Sì, sì e ancora sì
Si è da poco conclusa la prima edizione del Fish & Chips Festival, rassegna torinese di cinema erotico, che si è rivelata essere una piacevole sorpresa. Il film vincitore di questa edizione d’esordio è il documentario spagnolo Yes, We Fuck, scritto e diretto da Raúl de la Morena e Antonio Centeno, quest’ultimo attivista per i diritti dei diversamente abili. La vittoria del doc, che è parte di un progetto più ampio, può essere ritenuta doverosa, in un Paese come il nostro nel quale la sessualità di chi ha un corpo differente è argomento tabù, guardata con diffidenza e, nei casi peggiori, con disgusto e pietà.
I due filmmakers mettono in scena un documento prezioso, evitando le facili trappole del moralismo e della commiserazione, mostrandoci sei storie che possono apparire fuori dal comune solo in un contesto fatto di pregiudizi e discriminazione, in realtà in tutto e per tutto normali; non vi sono filtri o remore, il sesso è mostrato in modo esplicito ma al tempo stesso colmo di sensibilità, al fine di evidenziarne l’assoluta normalità, spiazzando quegli spettatori dalla mentalità retrograda e che rifiutano l’idea che anche chi è portatore di un handicap ha, ovviamente, una sessualità da vivere e di cui gioire. Il progetto che comprende questo lavoro è, come già si accennava, di ampio respiro, e può essere seguito sul sito www.yeswefuck.org: si invitano i visitatori a raccontare la propria storia e a mandare filmati, in modo da far crescere sempre di più la portata dell’iniziativa e riuscire nell’intento di sensibilizzare il maggior numero di persone possibile verso un argomento di cui pare nessuno voglia mai parlare.
Un corpo “disabile” è spesso visto come da accudire o curare, mai come oggetto di desiderio o portatore di bellezza; tutto ciò, ha spesso condizionato i diretti interessati, portandoli a pensare di non avere diritto al piacere fisico e a una vita sessuale completa e appagante. Secondo Centeno e de la Morena, invece, la sessualità dovrebbe essere centrale nell’assistenza sociale alla disabilità, in quanto elemento portante nello sviluppo caratteriale e dei rapporti interpersonali.

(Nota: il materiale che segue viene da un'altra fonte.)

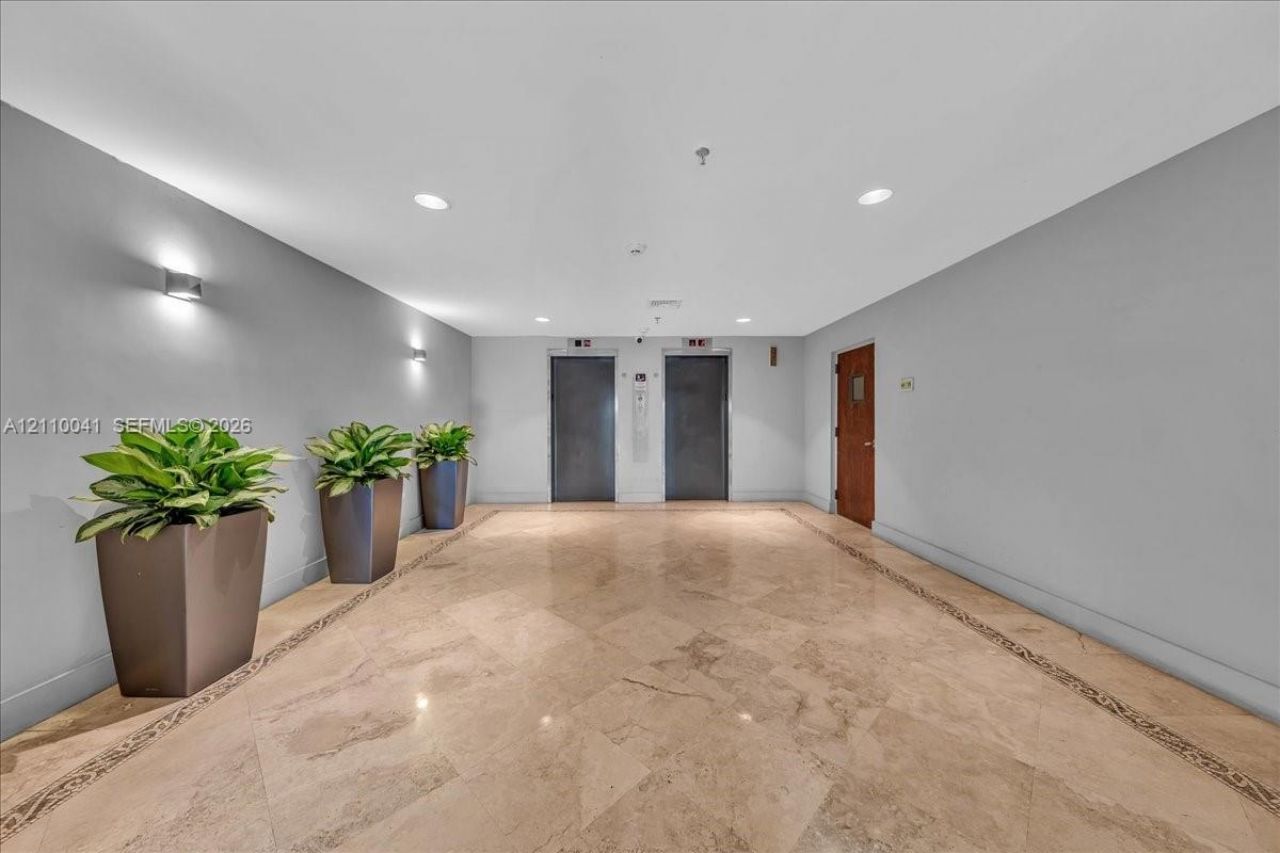 1610 Lenox Ave, Unit 516, Miami Beach, FL 33139 Photo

Nel doc viene presentata una figura finora inedita, quella dell’ assistente sessuale, che accompagna la persona nella scoperta del proprio corpo e di quello altrui: in Spagna, vi sono già i primi gruppi in cui si pratica, con ottimi risultati, il “sesso assistito”. In questo tipo di associazioni, gli operatori guidano i partecipanti verso il piacere fisico, con sensibilità e senza barriere o moralismi: ci si libera dei propri abiti e ci si tocca, sia da soli che a vicenda, spesso sorprendendo positivamente chi vi prende parte, facendolo sentire, com’è giusto che sia, in tutto e per tutto normale. Vediamo, tra gli altri, una donna che non è mai riuscita a toccarsi poiché le proprie mani non glielo permettono, un’altra che invece gode di una sessualità completa con il suo compagno, storie differenti che spesso hanno un background molto simile, fatto di difficoltà e pregiudizi da abbattere. In tutto questo, le assistenti sessuali tracciano il percorso con gioia, piacere e un’empatia non comune. Negli incontri colloquiali di gruppo, è interessante notare come le donne siano maggiormente smaliziate e più attive rispetto agli uomini: la maggioranza, infatti, ha avuto esperienze con fidanzati o amici, mentre i partecipanti di sesso maschile spesso hanno fatto ricorso a prostitute poiché rifiutati (o convinti di esserlo) dalle altre donne. Ciò che colpisce maggiormente, tuttavia, è l’atteggiamento dei genitori dei portatori di disabilità: spesso sono proprio loro i primi a non accettare che i propri figli possano avere una vita sessuale, spinti dalla paura e da un eccesso d’istinto protettivo. Sconvolge sentire una madre dichiarare di aver fatto sterilizzare la figlia poiché la giovane avrebbe desiderato una famiglia e dei bambini e lei “non poteva permettere che venissero al mondo delle creature deformi”: testimonianza agghiacciante di retaggi mentali che rimandano, inevitabilmente, a quelle idee orribili e folli di supremazia razziale in nome della perfezione fisica.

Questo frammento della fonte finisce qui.